* [What is expected]
Exactly the lines from the one with "Threadbare Blouse 'THB" through the last line of the listing must be given again.

* [Records for the task]
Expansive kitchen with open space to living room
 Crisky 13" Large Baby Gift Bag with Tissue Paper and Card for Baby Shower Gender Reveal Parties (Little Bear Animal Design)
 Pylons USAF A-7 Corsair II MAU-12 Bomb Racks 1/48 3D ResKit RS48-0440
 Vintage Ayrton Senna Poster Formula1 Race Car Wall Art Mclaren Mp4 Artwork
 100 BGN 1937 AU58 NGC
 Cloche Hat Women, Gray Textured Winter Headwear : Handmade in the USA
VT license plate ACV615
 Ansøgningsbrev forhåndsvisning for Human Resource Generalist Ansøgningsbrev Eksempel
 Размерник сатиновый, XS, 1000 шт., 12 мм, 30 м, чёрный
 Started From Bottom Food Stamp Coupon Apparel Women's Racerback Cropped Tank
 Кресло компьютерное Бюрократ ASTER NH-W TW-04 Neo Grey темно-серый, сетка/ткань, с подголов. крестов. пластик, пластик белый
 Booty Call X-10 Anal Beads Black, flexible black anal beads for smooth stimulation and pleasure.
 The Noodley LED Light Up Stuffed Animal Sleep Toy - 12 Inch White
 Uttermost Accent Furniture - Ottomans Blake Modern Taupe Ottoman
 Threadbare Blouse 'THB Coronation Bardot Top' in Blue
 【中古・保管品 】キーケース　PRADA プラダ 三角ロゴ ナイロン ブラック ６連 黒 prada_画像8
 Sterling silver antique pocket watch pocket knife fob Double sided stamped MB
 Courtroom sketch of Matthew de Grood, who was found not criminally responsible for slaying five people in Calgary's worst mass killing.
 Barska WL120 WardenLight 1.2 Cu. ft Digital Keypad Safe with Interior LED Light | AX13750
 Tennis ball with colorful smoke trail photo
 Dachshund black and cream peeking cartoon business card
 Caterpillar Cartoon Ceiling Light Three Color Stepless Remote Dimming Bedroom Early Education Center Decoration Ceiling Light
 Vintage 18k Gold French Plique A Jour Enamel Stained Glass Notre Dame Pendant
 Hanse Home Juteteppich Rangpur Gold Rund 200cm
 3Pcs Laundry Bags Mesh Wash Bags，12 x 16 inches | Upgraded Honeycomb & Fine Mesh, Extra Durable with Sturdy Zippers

* [Response to the exercise]
 Threadbare Blouse 'THB Coronation Bardot Top' in Blue
 【中古・保管品 】キーケース　PRADA プラダ 三角ロゴ ナイロン ブラック ６連 黒 prada_画像8
 Sterling silver antique pocket watch pocket knife fob Double sided stamped MB
 Courtroom sketch of Matthew de Grood, who was found not criminally responsible for slaying five people in Calgary's worst mass killing.
 Barska WL120 WardenLight 1.2 Cu. ft Digital Keypad Safe with Interior LED Light | AX13750
 Tennis ball with colorful smoke trail photo
 Dachshund black and cream peeking cartoon business card
 Caterpillar Cartoon Ceiling Light Three Color Stepless Remote Dimming Bedroom Early Education Center Decoration Ceiling Light
 Vintage 18k Gold French Plique A Jour Enamel Stained Glass Notre Dame Pendant
 Hanse Home Juteteppich Rangpur Gold Rund 200cm
 3Pcs Laundry Bags Mesh Wash Bags，12 x 16 inches | Upgraded Honeycomb & Fine Mesh, Extra Durable with Sturdy Zippers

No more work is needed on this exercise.